§ **Exercise**:
Please give the entries below again exactly, omitting every picture.

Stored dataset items
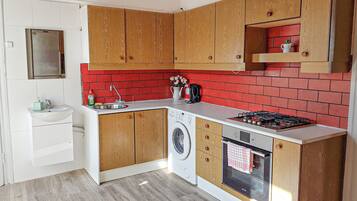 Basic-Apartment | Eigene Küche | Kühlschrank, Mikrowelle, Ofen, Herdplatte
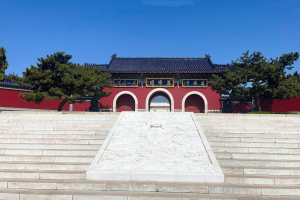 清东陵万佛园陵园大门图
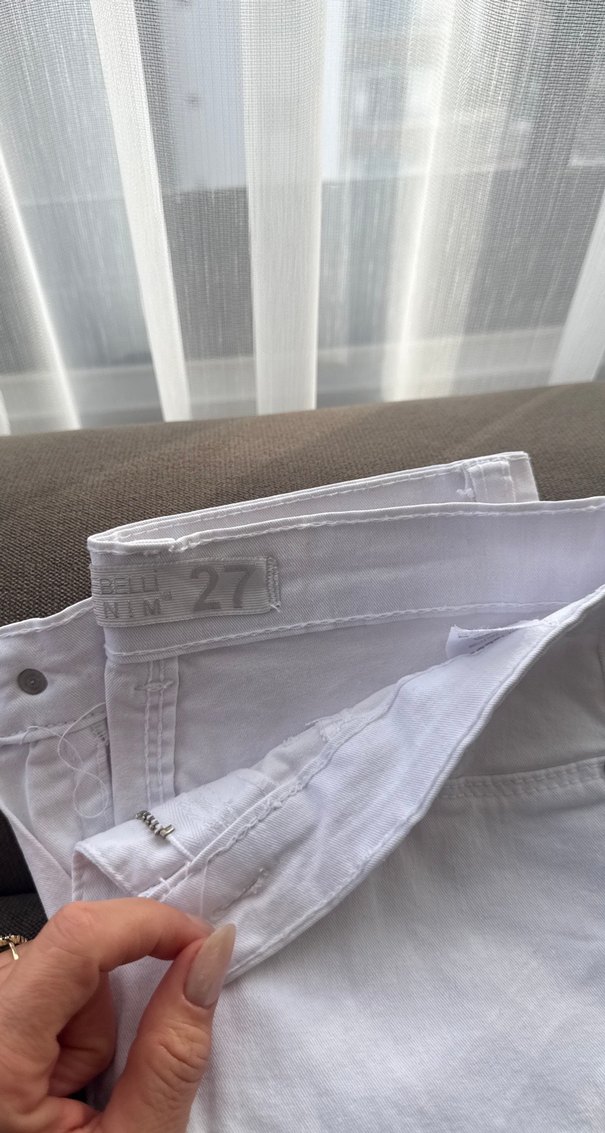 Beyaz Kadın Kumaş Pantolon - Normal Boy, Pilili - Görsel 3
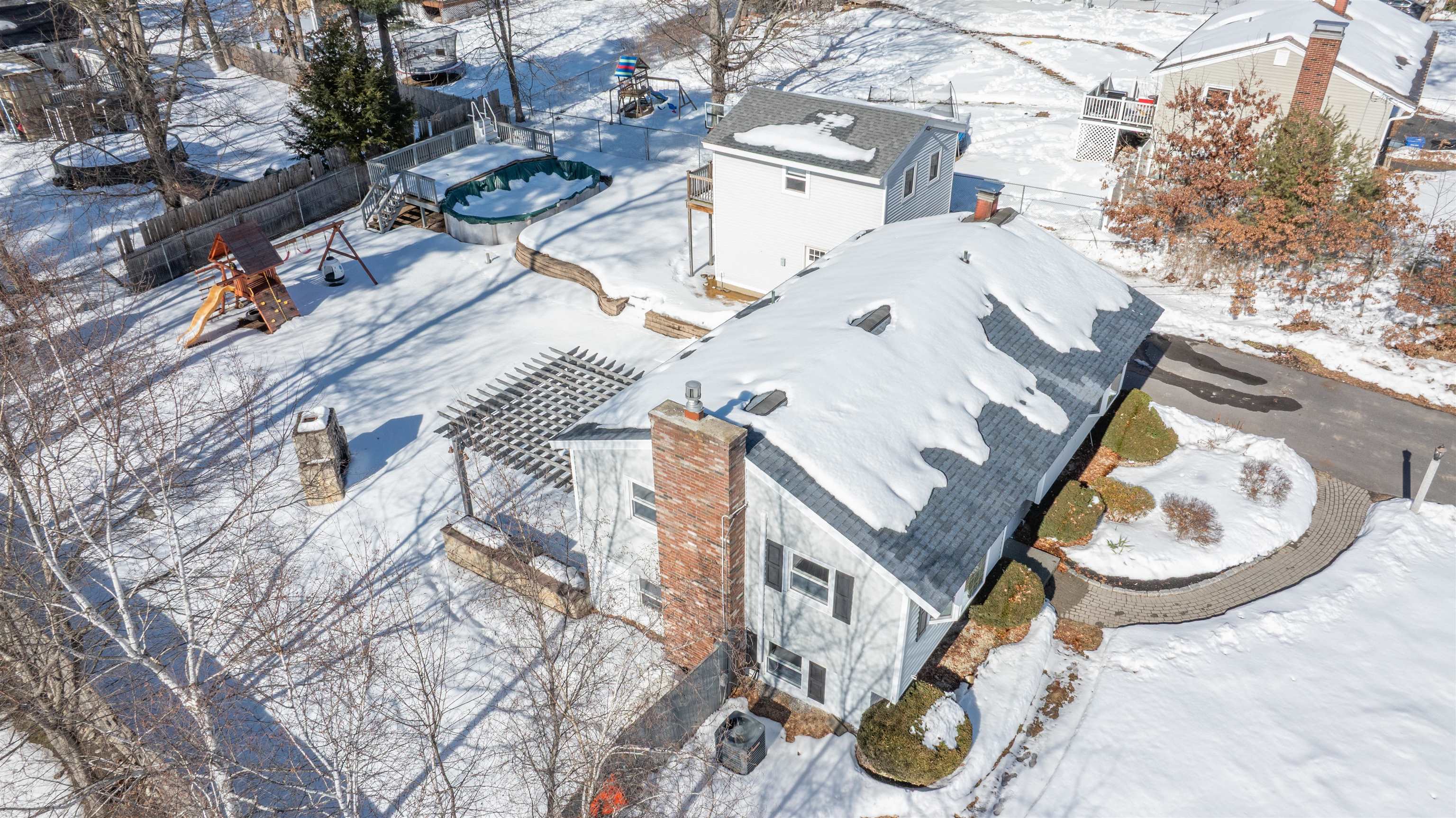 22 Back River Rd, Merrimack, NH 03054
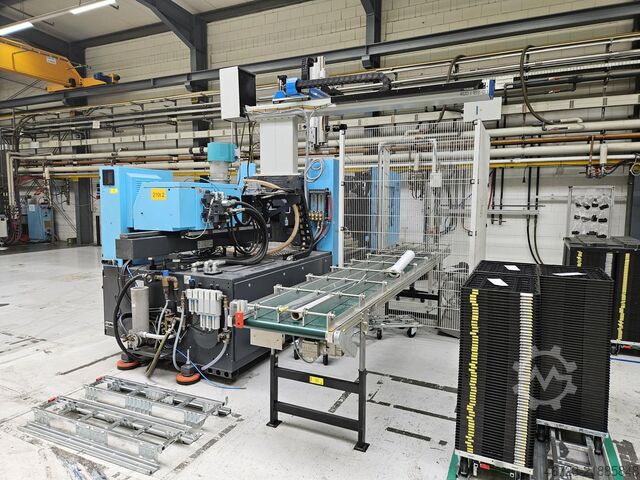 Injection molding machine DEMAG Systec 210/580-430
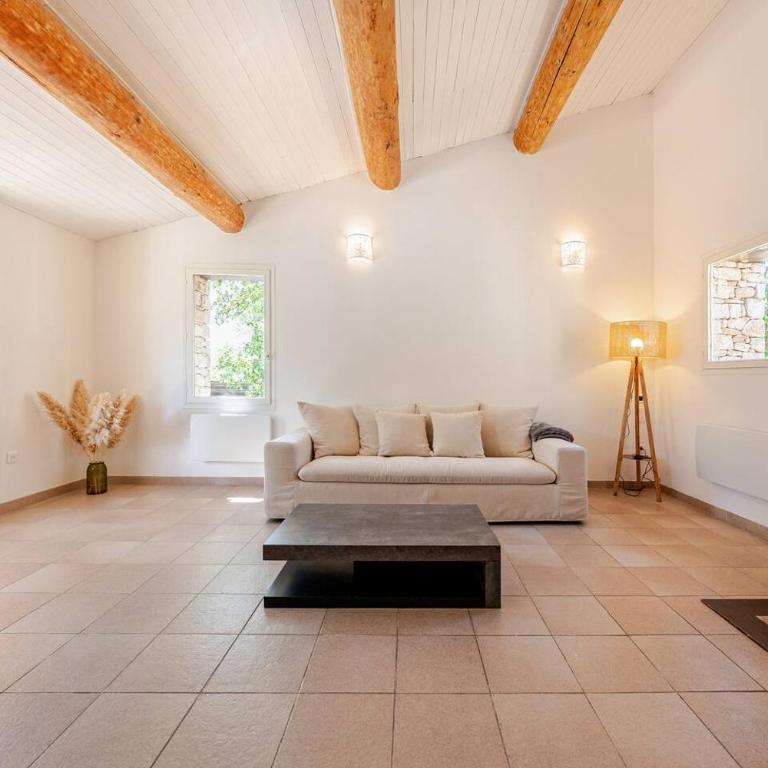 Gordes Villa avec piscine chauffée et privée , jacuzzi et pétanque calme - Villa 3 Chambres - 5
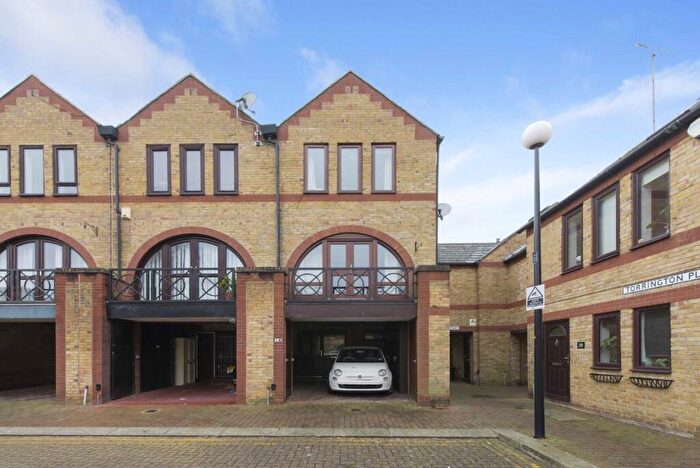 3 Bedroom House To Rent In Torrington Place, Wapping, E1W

§ **Task solution**:
 Basic-Apartment | Eigene Küche | Kühlschrank, Mikrowelle, Ofen, Herdplatte
 清东陵万佛园陵园大门图
 Beyaz Kadın Kumaş Pantolon - Normal Boy, Pilili - Görsel 3
 22 Back River Rd, Merrimack, NH 03054
 Injection molding machine DEMAG Systec 210/580-430
 Gordes Villa avec piscine chauffée et privée , jacuzzi et pétanque calme - Villa 3 Chambres - 5
 3 Bedroom House To Rent In Torrington Place, Wapping, E1W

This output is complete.